Ready or not, I was now a Defender of Claus.
CHAPTER 6
Making a Pole Vault
I barfed the first time we made the “Pole vault.” That’s what Mr. Winters called our trip to the North Pole. I still don’t get how it works. Something about bending time and space, the curvature of the earth, traveling a straight line instead of along a curve. Whatever. It made me puke.
We executed the Pole vault behind Broward Academy, out of sight of any witnesses. Mr. Winters took my hands and said, “Hold on!” I closed my eyes, opened them briefly to see the world around me stretched and bent all at the same time, closed them once more, and then when I opened my eyes again, we were standing at the North Pole. I immediately deposited the remains of my fish stick/tater tot/green bean school lunch in the snow. Lovely. Mr. Winters patted me gently on the back as I bent over. “Happens to all of us, dear heart.”
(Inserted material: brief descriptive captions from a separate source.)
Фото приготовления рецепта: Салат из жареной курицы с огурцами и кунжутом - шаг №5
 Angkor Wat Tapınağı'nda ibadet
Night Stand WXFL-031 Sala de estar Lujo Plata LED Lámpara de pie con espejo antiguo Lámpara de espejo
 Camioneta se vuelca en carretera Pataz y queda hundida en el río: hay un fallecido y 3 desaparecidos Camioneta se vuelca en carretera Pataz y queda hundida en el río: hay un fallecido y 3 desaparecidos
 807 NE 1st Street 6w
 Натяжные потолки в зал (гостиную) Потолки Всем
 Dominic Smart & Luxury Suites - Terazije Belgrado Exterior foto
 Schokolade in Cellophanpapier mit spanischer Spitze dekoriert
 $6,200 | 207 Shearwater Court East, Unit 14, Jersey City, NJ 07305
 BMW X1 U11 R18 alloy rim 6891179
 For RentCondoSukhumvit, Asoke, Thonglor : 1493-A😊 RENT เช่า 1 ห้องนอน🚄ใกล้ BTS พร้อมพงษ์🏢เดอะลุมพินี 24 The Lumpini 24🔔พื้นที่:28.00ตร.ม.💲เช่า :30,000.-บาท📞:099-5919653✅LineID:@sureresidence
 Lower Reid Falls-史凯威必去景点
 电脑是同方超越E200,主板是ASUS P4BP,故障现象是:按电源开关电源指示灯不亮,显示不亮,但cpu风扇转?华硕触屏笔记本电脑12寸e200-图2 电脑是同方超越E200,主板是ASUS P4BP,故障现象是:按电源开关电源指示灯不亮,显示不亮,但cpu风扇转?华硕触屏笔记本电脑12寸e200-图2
I wiped my mouth and looked around. Snow covered everything, weighing down the green pines, piled high on every building, burying mysterious objects that formed large lumps in the landscape. We stood in front of a huge log house, plainly built, but inviting. A soft light glowed in the windows. A pine wreath with red ribbons hung on the front door. A mailbox with the name CLAUS stenciled in red letters stood at the end of a walkway to the house. I wondered who in the world delivered Santa’s mail; I’d have to ask about that later.
To our left stood a giant structure that looked like a
barn. The snow was trampled in front, and I wondered if that was where the reindeer lived. It was bitter cold. My breath steamed in front of me. But just like in New York, it didn’t bother me much, even though I wore only a red, short-sleeved shirt and white pants. As I watched Mr. Winters approach the front door, my heart raced. I couldn’t believe it. I was standing at the North Pole! Where Santa Claus lives! His house looked just like I’d imagined, all homey and welcoming, as if its doors would open to anyone. But did I truly belong here? I felt paralyzed, nervous, even a little frightened.
“Come inside, m’lady,” Mr. Winters called. The sound of his voice made me jump, and suddenly it was as if someone had started a movie in my brain. The snow, the cold, those words—they triggered something. I heard my mother’s voice calling from the front door of our snow-covered house in Syracuse, “Come inside, Carol!” I remembered Dad running past Mom and stomping through the deep snow, scooping me up and laughing, my mother just shaking her head and going back into the house. “You see that, Angel Butt? Mean old Mommy wants us to go inside.” And I smiled, remembering the silly nickname my father always called me. I remembered the two of us making snow angels and Dad shaking the snow out of his white-streaked red hair, the hair I now knew signified what he was. We stared up at the gray sky, knowing Mom would have two cups of steaming hot chocolate inside, marshmallows floating like tiny buoys. I remembered tearing into my gifts on Christmas morning, opening the package with the beautifully carved wooden Santa, while my parents watched and smiled. I remembered setting that Santa on the table next to my bed, looking at it every night before I fell asleep. I remembered what it was like to be five and feel safe and have two people love you more than anything in the world. It all came back to me in a rush, and my eyes welled with tears. Mr. Winters looked at me. “Are you OK, m’lady?”